■ Try it: Please transcribe the lines below exactly, and leave every image behind.
** Data block follows **
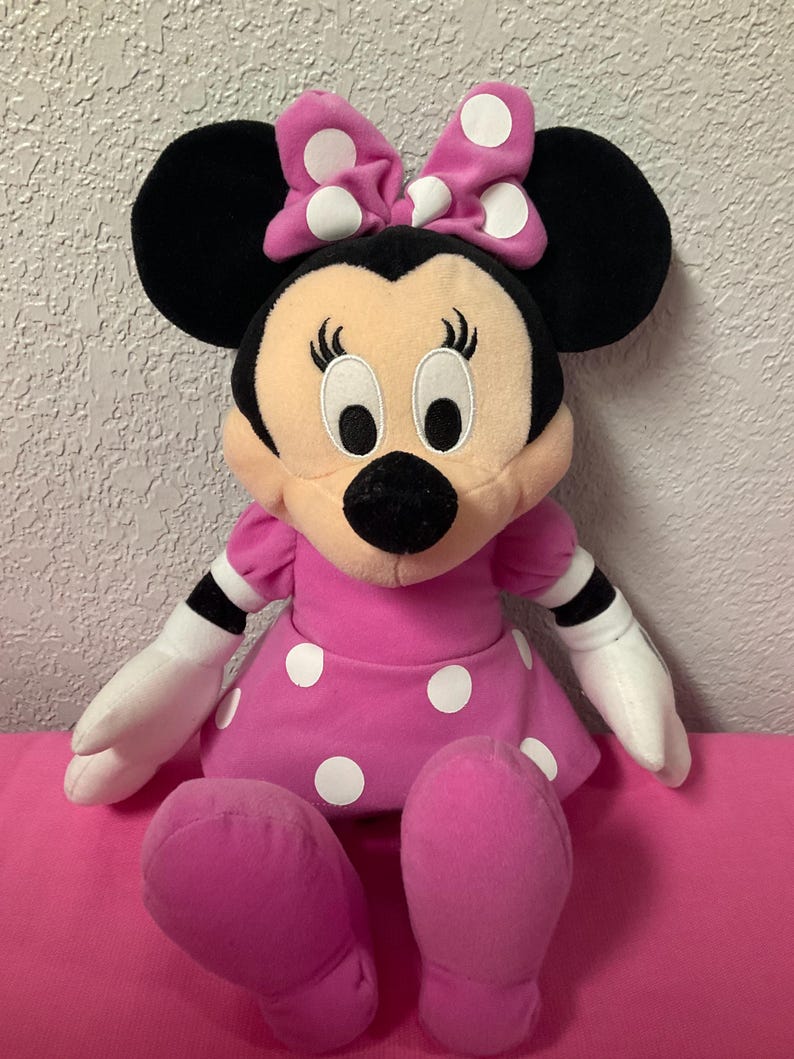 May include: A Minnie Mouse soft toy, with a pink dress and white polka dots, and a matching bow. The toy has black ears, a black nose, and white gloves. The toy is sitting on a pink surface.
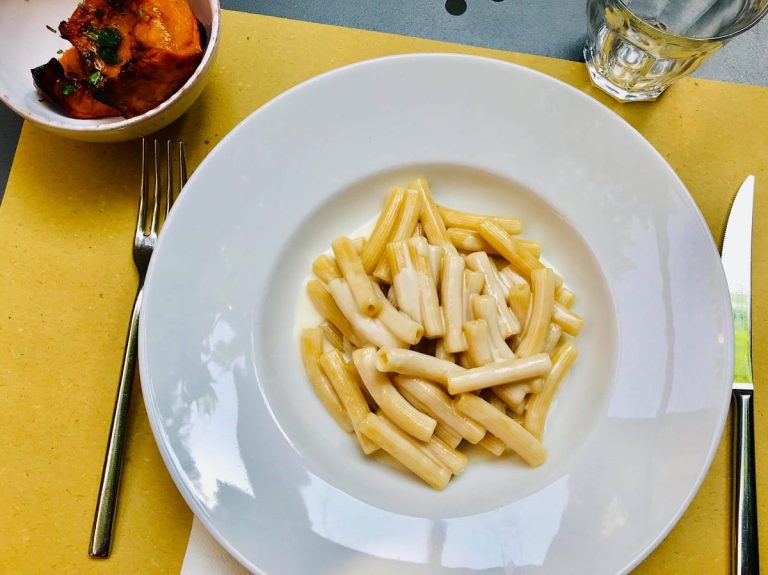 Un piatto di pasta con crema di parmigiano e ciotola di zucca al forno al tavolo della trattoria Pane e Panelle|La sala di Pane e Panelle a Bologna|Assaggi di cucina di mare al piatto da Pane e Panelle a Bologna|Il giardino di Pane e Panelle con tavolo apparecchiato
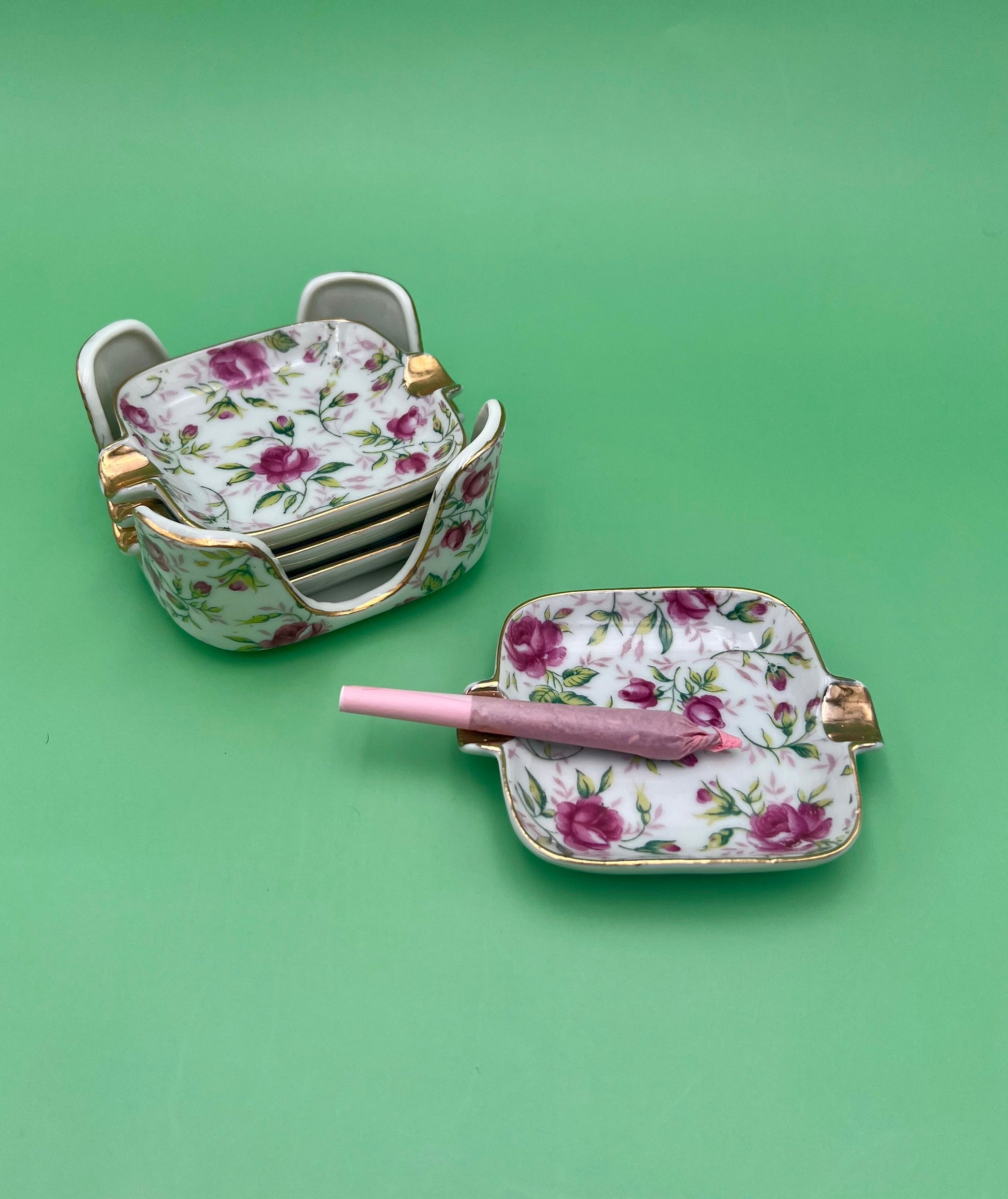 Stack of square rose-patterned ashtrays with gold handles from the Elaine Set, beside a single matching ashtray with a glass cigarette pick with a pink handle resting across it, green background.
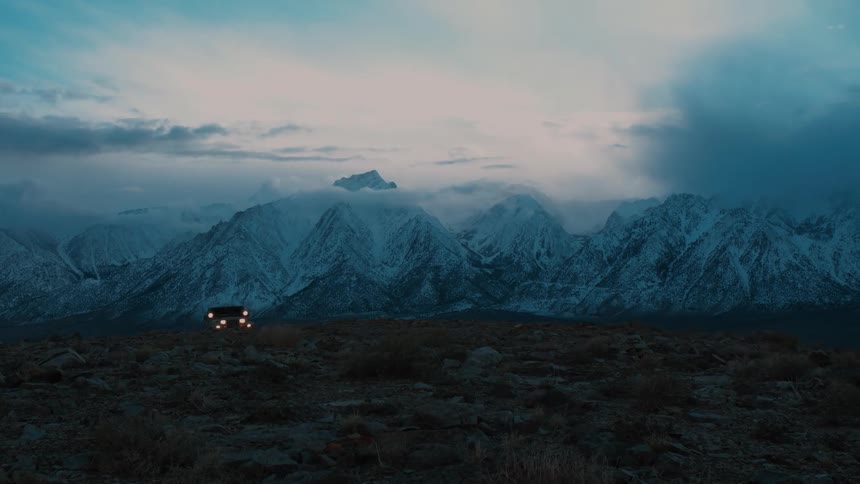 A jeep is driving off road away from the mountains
** End of Data block **
■ Solution:
 May include: A Minnie Mouse soft toy, with a pink dress and white polka dots, and a matching bow. The toy has black ears, a black nose, and white gloves. The toy is sitting on a pink surface.
 Un piatto di pasta con crema di parmigiano e ciotola di zucca al forno al tavolo della trattoria Pane e Panelle|La sala di Pane e Panelle a Bologna|Assaggi di cucina di mare al piatto da Pane e Panelle a Bologna|Il giardino di Pane e Panelle con tavolo apparecchiato
 Stack of square rose-patterned ashtrays with gold handles from the Elaine Set, beside a single matching ashtray with a glass cigarette pick with a pink handle resting across it, green background.
 A jeep is driving off road away from the mountains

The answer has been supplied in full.